I completely failed to achieve my goal of writing something non-technical at least once a month, so here we're trying not to fail with abandon. As a sad result of my WSL2 setup dying, I've had to reconfigure my desktop Linux experience from scratch again.

As a result I've run into Jeff Dickey's rtx, a software version manager written in Rust. Anyone who manages multiple projects with different sets of dependencies1 knows the pain of setting up Python environments. So far I've been using pyenv for that, which is a pretty good default.

rtx, like asdf before it, generalizes version management for software besides just Python versions, which is important when you're scared of npm (like me).
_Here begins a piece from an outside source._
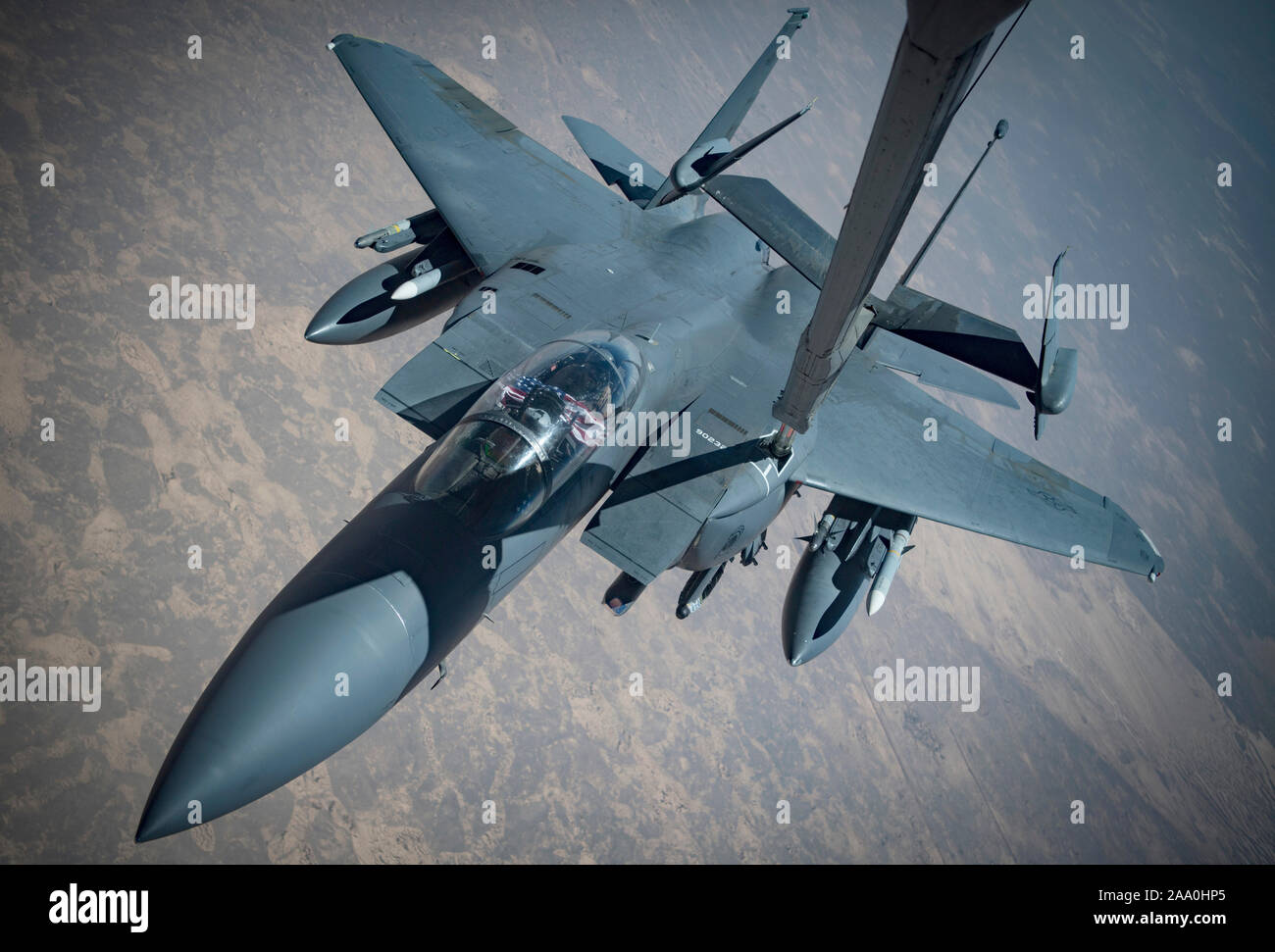 An F-15E Strike Eagle conducts aerial refueling with a KC-10 Extender from the 908th Expeditionary Air Refueling Squadron, July 2, 2019, within U.S. Central Command’s area of responsibility. The fighter aircraft performs air-to-air and air-to-ground missions using the pilot to detect, target and engage aerial threats and a weapons system officer to designate ground targets. The F-15 is an all-weather, extremely maneuverable, tactical fighter designed to permit the Air Force to gain and maintain air superiority over the battlefield. Stock Photo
Most importantly, it improves it by speeding everything up and removing shims. The entire configuration is downloading rtx, and adding the following to your .zshrc:

eval "$(rtx activate zsh)"

Here's the result:

~ ❯ rtx list
  python 3.10.10            (set by ~/.tool-versions)
  rust 1.67.1               (set by ~/.tool-versions)
~ ❯ cd ~/proj/amplify
~/proj/amplify ❯ rtx list
  python 3.10.10            (set by ~/proj/amplify/.rtx.toml)
  rust 1.67.1               (set by ~/.tool-versions)
~/proj/amplify ❯ which python
/home/singhrac/proj/amplify/.venv/bin/python

Notice the virtualenv in there? That's from moving to a directory with a .rtx.toml in it:

[tools]
python = {version = '3.10', virtualenv='.venv'}

One of the most reassuring parts of the experience is that Jeff is actively working on fixing bugs and adding features pretty much all the time.

1

Ever try testing your Pytorch code on multiple numpy/torch/Python versions? Good luck if you're not using Nox for automated testing, but even with that set up, you'll eventually need to debug some version conflict eventually.